I don't want to speculate about what's going on at the managerial/administrative level, but I notice the current administration is committed to the goal of slashing most government spending by some huge amount while simultaneously cutting taxes. It may be that the head of the USPTO got a phone call telling them not to spend a single damn penny. Now, iirc the USPTO is actually self-financing on patent application fees, but I don't think they're so independent that they can just ignore directives from higher up in the executive branch.
/s
Congress has often tried to undermine the ability of the EPA, IRS, NIH, NOAA... to do their job which then makes it seem they are ripe for disruption.
Are we talking about the same government??
They'd have that data already, so could just share it directly.
I'm just playing Devil's advocate here.
No, a third-party attacker can just look at size/timing of packets to figure out which page is being viewed, especially given it's among a limited and static corpus.
If third party tracking (for malicious intent or otherwise) is the main reason behind the change, why not do it how everyone else does?
It stands to reason they just don't want to deal with SSL termination anymore, for whatever reason. Though, at least in my eyes, that's a solved problem too.

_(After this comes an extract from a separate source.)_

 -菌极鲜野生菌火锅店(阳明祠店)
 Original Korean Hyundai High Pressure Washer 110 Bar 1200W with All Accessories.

It's also possible that their configuration was causing them performance problems and decreasing overhead by killing HTTPS for "unnecessary" endpoints was seen as a potential solution. Requesting a public record about a patent is not something that, at first glance, seems like it should need to be transferred over a secure protocol.
Of course, none of these are really good reasons to disable HTTPS, but they're some potential explanations.
-----
Separately, I think some people who remember HTTPS being used to secure "true secret" pages kind of resent the "HTTPS must be used anywhere and everywhere" trend that has taken hold. It's not that there aren't good reasons to do that, but it's also silly to pretend there aren't side effects of doing it.
From some perspectives, the need to encrypt all communication can be seen as an external concern for something like a VPN tunnel to handle. End-to-end crypto is good because it, theoretically, precludes reception from anyone who can get in the middle of the server and the VPN, but it needs to be more transparent before everyone is willing to consider that a worthwhile/important tradeoff.
One side effect of HTTPS everywhere is that the site can no longer really designate some portion of traffic as "secret". If every admin in your org needs to be able to decrypt all HTTPS traffic to debug issues, you're giving some access away. Maybe some of them would've been able to get to that data anyway, but probably many of them would not.
Again, this is not to say that that HTTPS shouldn't be used, but just some musings into why someone would not necessarily be enthusiastic about it. Working to integrate HTTPS more transparently to admins and working toward the ability to mark specific information for extra "app-layer secrecy" instead of just relying on transport-layer secrecy seem like they'd be good steps.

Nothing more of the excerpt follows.